An example of dissimilarity calculation between two scanpaths with DTW. (a) A scanpath of subject #20 on image set #47 in session W1T1 and (b) one in W1T2. The four images in image set #47 are not shown due to their copyrights; thus, the areas for these images are covered with randomly assigned patterns. The scanpaths in (a) and (b) can be presented in the time domain as (c) and (d), respectively. (e) A matrix of Euclidean distance between every point of (c) and (d). Each component is a distance between one point from (c) and one from (d). The grey path is determined by dynamic programming, and the accumulated distance along this line is defined as dissimilarity between (c) and (d). In this example, the dissimilarity between (c) and (d) is 12,353. The possible range of the dissimilarity value is from 0 to 248,900.

Pairwise scanpath comparisons and recording time intervals

To observe scanpath idiosyncrasies, each image set’s scanpaths were subjected to pairwise comparisons. Scanpaths from Free and Task sessions were compared separately, and each pair of scanpaths was assigned to a group (among three) according to the following recording time intervals between the two scanpaths: “thirty minutes” (30 M, e.g., time interval between scanpaths of W1T1 and those of W1T2 sessions), “one week” (1 W, e.g., between W1T1 and W2T1), and “two weeks” (2 W, e.g., between W1T1 and W3T1). Dissimilarities between scanpath pairs were analysed according to these time intervals.
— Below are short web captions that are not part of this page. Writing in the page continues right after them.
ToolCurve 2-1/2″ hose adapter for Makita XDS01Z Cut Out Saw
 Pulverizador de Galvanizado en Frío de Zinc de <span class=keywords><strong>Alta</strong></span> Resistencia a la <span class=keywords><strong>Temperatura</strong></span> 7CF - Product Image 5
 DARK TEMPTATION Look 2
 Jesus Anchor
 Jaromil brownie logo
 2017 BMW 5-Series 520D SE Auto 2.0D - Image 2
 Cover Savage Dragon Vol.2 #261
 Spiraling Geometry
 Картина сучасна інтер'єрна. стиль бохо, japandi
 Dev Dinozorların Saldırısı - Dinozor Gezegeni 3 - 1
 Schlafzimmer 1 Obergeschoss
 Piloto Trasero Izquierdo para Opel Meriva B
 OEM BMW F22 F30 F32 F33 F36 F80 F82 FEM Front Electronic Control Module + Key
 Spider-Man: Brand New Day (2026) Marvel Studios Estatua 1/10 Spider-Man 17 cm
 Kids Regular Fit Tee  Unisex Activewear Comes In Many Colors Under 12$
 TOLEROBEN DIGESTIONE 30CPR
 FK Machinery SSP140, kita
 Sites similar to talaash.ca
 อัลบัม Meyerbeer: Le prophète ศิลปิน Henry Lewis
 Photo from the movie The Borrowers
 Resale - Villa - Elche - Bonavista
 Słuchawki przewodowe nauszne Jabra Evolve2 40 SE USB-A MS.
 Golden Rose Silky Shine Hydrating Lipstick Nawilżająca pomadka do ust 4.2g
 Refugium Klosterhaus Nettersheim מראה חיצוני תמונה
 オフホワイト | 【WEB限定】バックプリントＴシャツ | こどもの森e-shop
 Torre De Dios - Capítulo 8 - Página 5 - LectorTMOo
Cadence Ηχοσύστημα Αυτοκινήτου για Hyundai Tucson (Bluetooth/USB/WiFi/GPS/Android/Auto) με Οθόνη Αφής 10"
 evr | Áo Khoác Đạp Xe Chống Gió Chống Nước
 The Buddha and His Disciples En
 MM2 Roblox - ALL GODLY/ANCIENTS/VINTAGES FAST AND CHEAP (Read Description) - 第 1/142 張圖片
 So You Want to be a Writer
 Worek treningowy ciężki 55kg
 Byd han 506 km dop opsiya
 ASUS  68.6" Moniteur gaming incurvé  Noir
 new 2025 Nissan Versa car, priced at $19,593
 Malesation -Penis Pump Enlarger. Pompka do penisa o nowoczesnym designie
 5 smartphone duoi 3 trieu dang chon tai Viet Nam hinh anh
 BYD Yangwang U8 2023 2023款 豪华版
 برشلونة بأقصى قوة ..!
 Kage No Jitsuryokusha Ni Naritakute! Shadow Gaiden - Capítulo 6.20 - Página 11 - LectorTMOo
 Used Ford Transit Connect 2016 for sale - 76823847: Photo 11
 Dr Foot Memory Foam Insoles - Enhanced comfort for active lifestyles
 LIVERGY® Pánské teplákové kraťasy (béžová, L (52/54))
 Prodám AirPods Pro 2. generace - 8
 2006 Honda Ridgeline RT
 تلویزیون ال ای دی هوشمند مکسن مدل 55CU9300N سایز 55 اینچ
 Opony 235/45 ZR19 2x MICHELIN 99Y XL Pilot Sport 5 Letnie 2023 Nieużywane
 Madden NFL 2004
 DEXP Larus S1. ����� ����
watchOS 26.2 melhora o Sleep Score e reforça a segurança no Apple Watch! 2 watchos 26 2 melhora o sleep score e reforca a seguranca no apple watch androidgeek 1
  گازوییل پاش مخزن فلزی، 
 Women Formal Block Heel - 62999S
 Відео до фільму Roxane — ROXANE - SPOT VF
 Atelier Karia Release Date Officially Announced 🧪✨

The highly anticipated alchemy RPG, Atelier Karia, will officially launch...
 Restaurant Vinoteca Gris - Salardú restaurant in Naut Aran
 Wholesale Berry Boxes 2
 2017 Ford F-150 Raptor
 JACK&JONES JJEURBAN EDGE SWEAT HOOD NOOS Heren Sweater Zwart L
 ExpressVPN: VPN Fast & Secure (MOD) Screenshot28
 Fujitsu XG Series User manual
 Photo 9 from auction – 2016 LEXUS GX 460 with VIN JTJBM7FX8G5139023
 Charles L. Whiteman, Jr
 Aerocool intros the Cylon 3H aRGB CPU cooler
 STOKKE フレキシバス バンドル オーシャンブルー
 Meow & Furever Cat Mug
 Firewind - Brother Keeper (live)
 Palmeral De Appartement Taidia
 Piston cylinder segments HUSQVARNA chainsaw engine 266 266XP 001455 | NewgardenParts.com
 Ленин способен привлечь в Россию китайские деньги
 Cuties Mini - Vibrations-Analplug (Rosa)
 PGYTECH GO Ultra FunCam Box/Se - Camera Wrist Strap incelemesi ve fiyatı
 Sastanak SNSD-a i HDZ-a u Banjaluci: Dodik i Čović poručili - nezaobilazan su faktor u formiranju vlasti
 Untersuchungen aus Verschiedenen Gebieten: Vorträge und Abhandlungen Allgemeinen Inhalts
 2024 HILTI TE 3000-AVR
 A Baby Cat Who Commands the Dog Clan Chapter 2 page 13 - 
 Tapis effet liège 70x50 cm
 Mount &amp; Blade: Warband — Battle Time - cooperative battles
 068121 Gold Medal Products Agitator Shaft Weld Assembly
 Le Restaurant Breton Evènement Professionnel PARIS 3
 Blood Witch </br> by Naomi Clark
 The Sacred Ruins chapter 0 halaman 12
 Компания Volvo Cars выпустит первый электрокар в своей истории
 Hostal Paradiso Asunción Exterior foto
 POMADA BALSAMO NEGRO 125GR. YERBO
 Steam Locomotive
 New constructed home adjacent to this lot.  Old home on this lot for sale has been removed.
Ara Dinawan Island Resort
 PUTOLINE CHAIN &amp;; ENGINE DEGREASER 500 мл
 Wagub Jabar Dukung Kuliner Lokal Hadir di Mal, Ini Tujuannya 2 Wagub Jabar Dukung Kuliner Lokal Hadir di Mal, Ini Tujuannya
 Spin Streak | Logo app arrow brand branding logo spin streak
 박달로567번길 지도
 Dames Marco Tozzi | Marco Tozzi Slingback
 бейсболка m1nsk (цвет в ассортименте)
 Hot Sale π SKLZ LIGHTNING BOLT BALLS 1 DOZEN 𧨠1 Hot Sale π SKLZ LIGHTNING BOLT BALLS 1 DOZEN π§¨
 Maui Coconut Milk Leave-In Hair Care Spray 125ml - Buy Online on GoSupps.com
Dissimilarity in each scanpath pair was achieved with dynamic time warping (DTW). While a sequence of spatial attention shifts may be consistent, the tempo of these shifts may be relatively less consistent for any subject over repeated exposure to the same stimuli34, 35. To align scanpaths according to attention shifting sequences using more than the speed of the shifts, we used DTW. DTW compares two signals by aligning them in the time domain with dynamic programming. This technique was first used for matching speech waveforms for speech recognition by warping samples into an optimal match by minimizing temporal dissimilarities in order to cope with differences in speaking rates36, 37. In the present study, DTW warped and aligned pairs of scanpaths and simultaneously retained more fixation duration information than other scanning sequence matching methods, such as string-edit38, 39 and ScanMatch40. Dissimilarity values were calculated by summing the Euclidean distances between aligned data points (an example is shown in Fig. 3). We modified publicly provided codes41, which originated with the project in a reference37.

Statistics

Every t-test that we report is one-sided (or right-sided) test. Those t-tests without the description of paired/unpaired are all unpaired t-tests, and we used a method for unequal sample size and unequal variances for unpaired t-tests. Many average values in this study were achieved with large samples; thus, we present Cohen’s ds as effect sizes for average comparisons without t-tests or with t-tests for support. Standardized differences between two means were demonstrated with Cohen’s ds. For Cohen’s ds, we calculated pooled standard deviations with a method for different sample sizes and variances between two groups42.

Data availability

The data from our experiment are available on request from the corresponding author. The data are not publicly available according to the policy protecting subjects’ personal data.

Results

In this section, the idiosyncrasies of scanpaths on the same image sets and their temporal robustness were observed under various conditions. The dissimilarities in scanpath pairs were analysed according to the time intervals described in the Materials and Methods section. First, the dissimilarity values from within- and between-subject comparisons were determined. Next, scanpaths were divided into groups with respect to image set contents, and the effects of the contents on scanpath idiosyncrasies were investigated. Each subject’s scanpath distinctiveness was also confirmed with subject identification. These steps of analysis were then conducted on an extended dataset, including scanpaths recorded during an additional experiment, which was performed one year after the original experiment.

Scanpath dissimilarities

First, to determine whether scanpaths from the same person are more similar to each other than to those from different people, we compared scanpaths within and between subjects. However, subjects’ preferences were compared (Supplementary Fig. S1) before the scanpath comparisons. From the results, we can infer that the subject pool in our study has distinctive preferences regarding the visual stimuli used in our experiment and shares a small portion of common preferences.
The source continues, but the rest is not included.